We used (FASnI3)0.6(MAPbI3)0.4 as the baseline composition for the low–band gap perovskite (15). The films were prepared by spin-coating a stoichiometric mixture of components (FAI, SnI2, MAI, and PbI2) and SnF2 in a mixed solvent of dimethyl formamide and dimethyl sulfoxide (DMF/DMSO). These perovskite films were modified by adding GuaSCN at various molar ratios with respect to MAI. The device stack used was glass/indium tin oxide (ITO)/poly(3,4-ethylenedioxythiophene)-poly(styrenesulfonate) (PEDOT:PSS)/perovskite/fullerene (C60)/bathocuproine (BCP)/silver (Ag). Figure 1A compares the typical photocurrent density–voltage (J-V) curves of PSCs based on the low–band gap (FASnI3)0.6(MAPbI3)0.4 perovskite thin films prepared with and without addition of 7% GuaSCN; the detailed photovoltaic (PV) parameters are given in table S1. The cross-sectional scanning electron microscope (SEM) image of a typical PSC is shown in fig. S1. Devices with or without GuaSCN exhibited negligible hysteresis (<0.5%) between forward- and reverse-scan J-V curves. For 7% GuaSCN, the device PCE improved from 15.3% to 18.4% because of increases in short-circuit photocurrent density (Jsc) by ~1 mA/cm2, open-circuit voltage (Voc) by ~60 mV, and fill factor (FF) by ~6%. The statistical comparison of device parameters is shown in Fig. 1B (for 20 devices each). The external quantum efficiency (EQE) spectra of the two devices are shown in Fig. 1C; the integrated photocurrent density over the AM 1.5G solar spectrum is within 3% of the values obtained from J-V characterization.
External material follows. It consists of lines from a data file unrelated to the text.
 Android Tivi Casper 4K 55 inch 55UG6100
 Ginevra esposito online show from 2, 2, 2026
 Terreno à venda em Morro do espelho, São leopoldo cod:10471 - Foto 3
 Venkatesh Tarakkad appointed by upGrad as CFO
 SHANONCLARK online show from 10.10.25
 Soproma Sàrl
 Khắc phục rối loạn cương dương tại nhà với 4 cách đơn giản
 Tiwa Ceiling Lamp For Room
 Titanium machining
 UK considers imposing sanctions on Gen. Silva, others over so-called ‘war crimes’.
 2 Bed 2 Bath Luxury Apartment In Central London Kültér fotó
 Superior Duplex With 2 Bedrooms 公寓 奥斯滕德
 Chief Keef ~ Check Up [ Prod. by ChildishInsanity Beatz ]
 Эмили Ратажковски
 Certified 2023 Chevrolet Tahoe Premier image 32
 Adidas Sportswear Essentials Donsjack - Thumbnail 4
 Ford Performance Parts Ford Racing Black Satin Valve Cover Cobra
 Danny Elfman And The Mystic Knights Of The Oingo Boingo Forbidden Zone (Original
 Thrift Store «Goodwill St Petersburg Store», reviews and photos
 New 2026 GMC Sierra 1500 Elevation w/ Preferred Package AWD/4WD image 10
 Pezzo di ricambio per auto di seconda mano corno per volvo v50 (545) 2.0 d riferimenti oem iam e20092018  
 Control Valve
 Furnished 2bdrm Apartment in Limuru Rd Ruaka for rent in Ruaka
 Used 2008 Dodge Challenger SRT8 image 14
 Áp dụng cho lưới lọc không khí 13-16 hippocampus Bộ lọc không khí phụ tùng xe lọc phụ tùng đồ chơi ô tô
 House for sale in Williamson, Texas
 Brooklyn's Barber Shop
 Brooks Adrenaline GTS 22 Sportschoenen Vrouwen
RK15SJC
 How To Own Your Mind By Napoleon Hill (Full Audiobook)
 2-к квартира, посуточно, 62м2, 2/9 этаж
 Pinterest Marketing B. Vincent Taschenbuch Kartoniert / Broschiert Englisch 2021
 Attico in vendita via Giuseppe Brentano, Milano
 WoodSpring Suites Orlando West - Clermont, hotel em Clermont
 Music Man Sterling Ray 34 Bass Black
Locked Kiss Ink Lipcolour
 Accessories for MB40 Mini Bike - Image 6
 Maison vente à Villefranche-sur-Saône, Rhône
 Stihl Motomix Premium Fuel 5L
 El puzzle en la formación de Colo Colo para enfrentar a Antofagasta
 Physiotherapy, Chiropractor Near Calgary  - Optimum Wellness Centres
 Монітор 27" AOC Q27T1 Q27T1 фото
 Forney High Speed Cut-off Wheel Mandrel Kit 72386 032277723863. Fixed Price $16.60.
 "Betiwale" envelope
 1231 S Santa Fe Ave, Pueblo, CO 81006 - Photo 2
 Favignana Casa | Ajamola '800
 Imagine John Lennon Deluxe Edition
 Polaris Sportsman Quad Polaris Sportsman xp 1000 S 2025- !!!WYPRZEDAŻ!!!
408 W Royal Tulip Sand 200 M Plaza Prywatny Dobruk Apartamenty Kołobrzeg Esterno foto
Fig. 1 Comparison of device characteristics.

(A and B) Typical photocurrent density–voltage (J-V) curves (with inset showing the stable power outputs) (A) and statistical comparison (B) of J-V parameters of low–band gap PSCs prepared with or without 7% GuaSCN additive. The mean value, maximum and minimum values, and 25% to 75% region of data are represented by the circle, top/bottom bars, and rectangle, respectively. (C) External quantum efficiency of the two devices shown in (A) with the integrated current density indicated.

We examined the impact of varying GuaSCN concentration (0 to 50%) on the device characteristics. All PV parameters showed a systematic improvement when the proportion of GuaSCN was increased from 0% to 7%, followed by a decrease in the parameters with a further increase of GuaSCN from 10% to 50% (fig. S2). The improvement of the device performance associated with the addition of GuaSCN was attributed to a combination of effects resulting from the GuaSCN, rather than the individual effect of Gua+ and SCN when used separately. Figure S3 compares the device characteristics of PSCs based on low–band gap perovskite films prepared without and with different additives [GuaI, Pb(SCN)2, and GuaSCN]. Although both GuaI and Pb(SCN)2 increased device performance, the respective improvements were lower than that seen in the devices prepared with the GuaSCN additive.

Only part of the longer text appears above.